Artist Elisabetta Rogai’s Eno-art is mesmerising, says Subhash Arora, president of the Indian Wine Academy, who met the artist in Italy and talked about the new wine art
Unobserved by many visitors, at the Anteprima wine tasting organised by the Consorzio del Vino Nobile di Montepulciano, wine producers in Western Europe, were a series of paintings by a Florentine artist, Elisabetta Rogai, who was commissioned by the Consorzio to produce works of art using wine.
Wine and art have been linked together in more ways than one. Wine has been the subject of many artists who are often commissioned to paint for labels that are reproduced on the bottle. Mouton Rothschild has been a pioneer in Bordeaux while Grover, Sula, Opera, Chateau d’Ori are a few such examples of emulating this trend in India. There is a French artist Jean- Pierre Got who has become famous for making special posters for wine events and wineries across the globe.
Wine in a frame
The use of wine to create art is uncommon. I saw a delectable example during my visit to Montepulciano in Tuscany recently. One corner of the big Tasting Room created in the newly renovated Fortezza (most Italian cities, towns and villages have one such fortress, ostensibly created by the long- gone nobility and royalty centuries ago to help protect their territory, and now a historical and touristic delight) was decorated by a series of eye catching paintings, all of them portraits of beautiful women.
The paintings were in wine colours with a dash of grey and other lighter shades making them very pleasant. All the paintings were created by the well known Tuscan pittrice (female painter) Elisabetta Rogai from Florence. She had been commissioned by the Consorzio, known for their ingenuity in adding something unique every year to the professional tasting (last year saw cosmetics made exclusively from the red grape must of Montepulciano after the fermentation).
“It took a long period of research and experimental work, involving the University of Florence before I could develop the wine-made paintings (also known as Eno Art),” said Elisabetta. Most comfortable with oil and canvas and blue denim, she had used only a bit of charcoal for the main lines of this style of paintings. She uses only white and red wine with no additives or chemical components. “Such combination allows the wine to reproduce on the canvas exactly the same process of ageing that normally takes place inside the bottle,” she explained.
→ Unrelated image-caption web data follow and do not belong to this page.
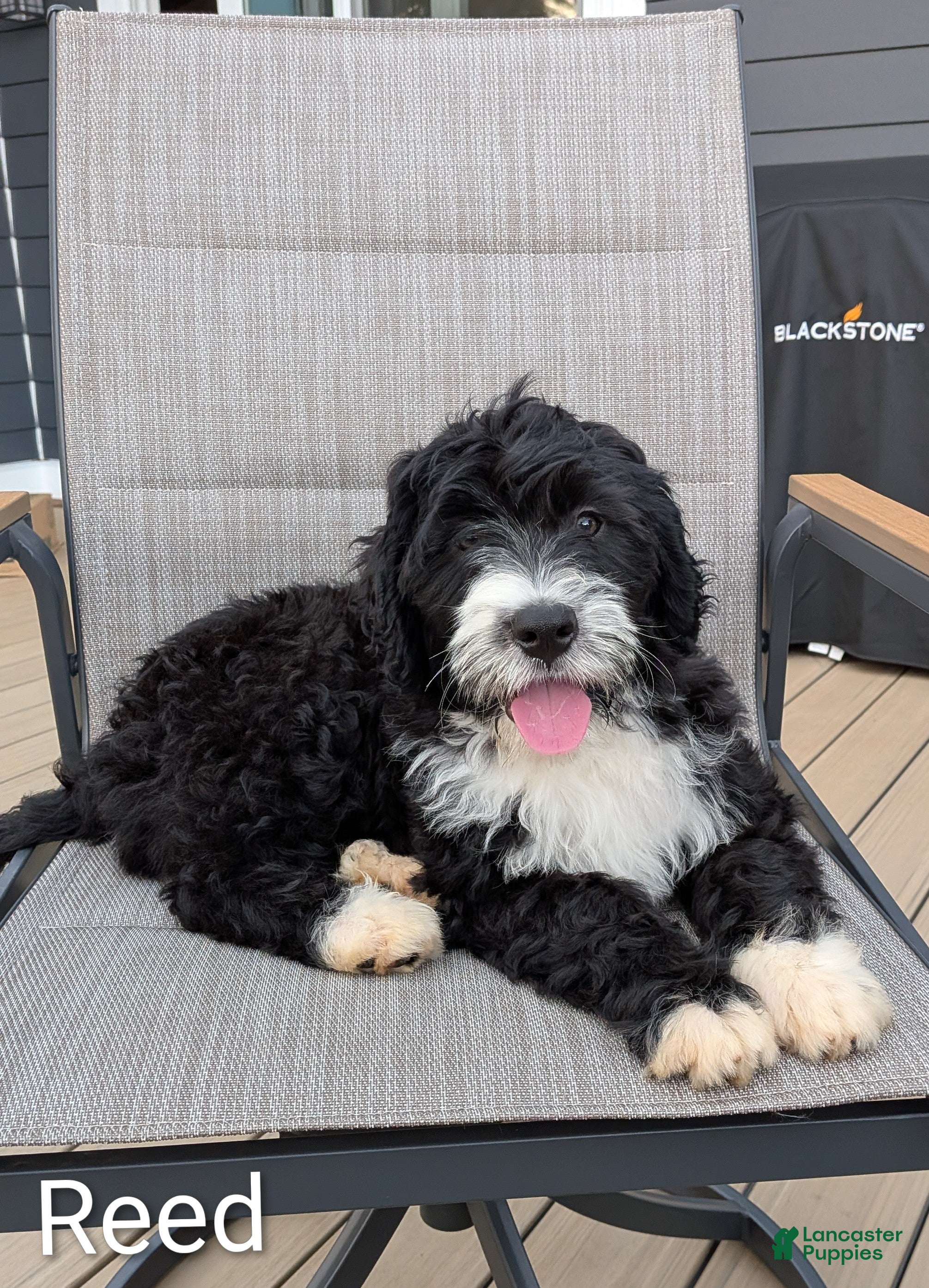 Mixed Breed dogs Reed - Ad 2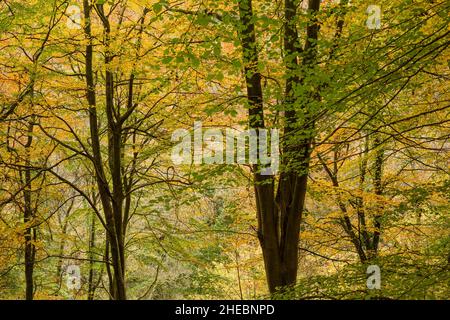 Bois de hêtre affichant sa couleur d'automne à Leigh Woods, dans le nord du Somerset, en Angleterre. Banque D'Images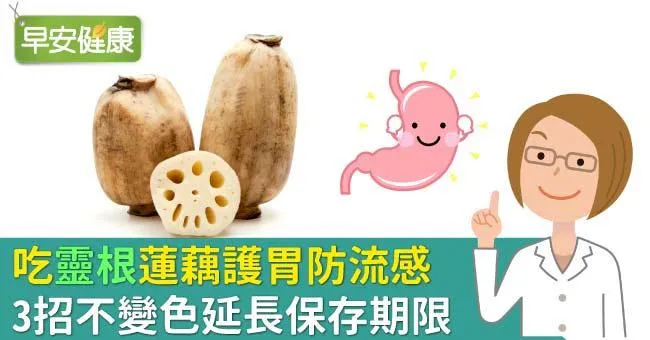 吃「靈根」蓮藕護胃防流感，3招不變色延長保存期限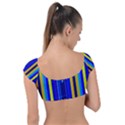 Blueyellow  Cap Sleeve Ring Bikini Top View2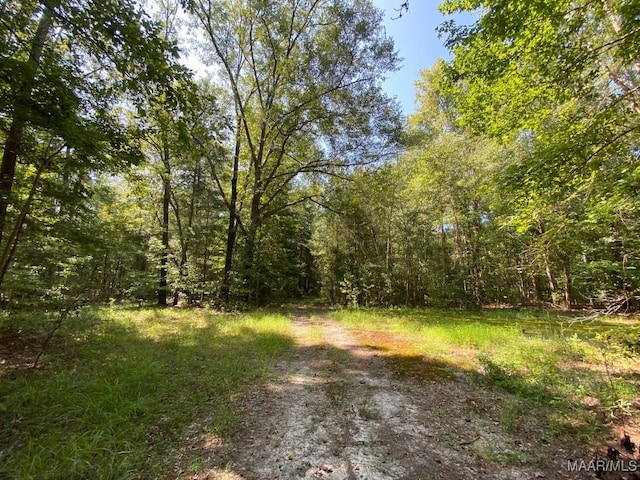 00 Coon Hop Rd, Hardaway, AL 36039 - photo 54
Many other painters have tried to use wine in their works, but never really succeeded because of several technical difficulties, including the challenge of removing alcohol by Reverse Osmosis. Wine density, alcohol volatility, the limitation of the chromatic scale, the possibility of working only on small canvas etc are a few of the limiting factors of Eno Art.
A curator of one of Rogai’s several shows in Italy and Japan, sums up her work: ‘“lisabetta’s paintings will not leave you indifferent, her colours and forms will penetrate your soul. Her portraits, mostly of beautiful women tell their story, which goes beyond stereotypes. The first glance could mesmerize anyone who loves his glass of Vino Nobile di Montepulciano or Rosso di Montepulciano.”
This is not the first time Rogai has worked with wine as the protagonist. Another event abroad that made her famous was the label she created for the Chianti Classico Astrid, the official wine chosen for the semester of the Italian presidency for the European Union Council.
Creation of eno art
Elisabetta delivers a bottle of red wine to the university and gets back the residue after due processing. “It is more like gooey paste,” she says. She also uses boiled wine for a part of the paintings. The result is impressive, the new painting changes its texture three months later and the difference is visible. The colours evolve on the canvas from typically young purples and cherry reds to more mature tones of orange, amber or brown. “The wine aging, which normally occurs over the years, takes only a few months on the canvas,’ she says with a smile.
The ‘wine-made’ paintings costs 5,000 Euros ($6,800) upwards for a 100x8 cms sized paintings, which are available at her studio in Florence. She would welcome visitors from India, she said, however, prior appointment must be made since her work is generally exhibited in some part of the world or the other.
After Montepulciano the works move to other parts of Italy before ending up in Vinitaly from April 7-11, where they may be viewed at the Balzini stand.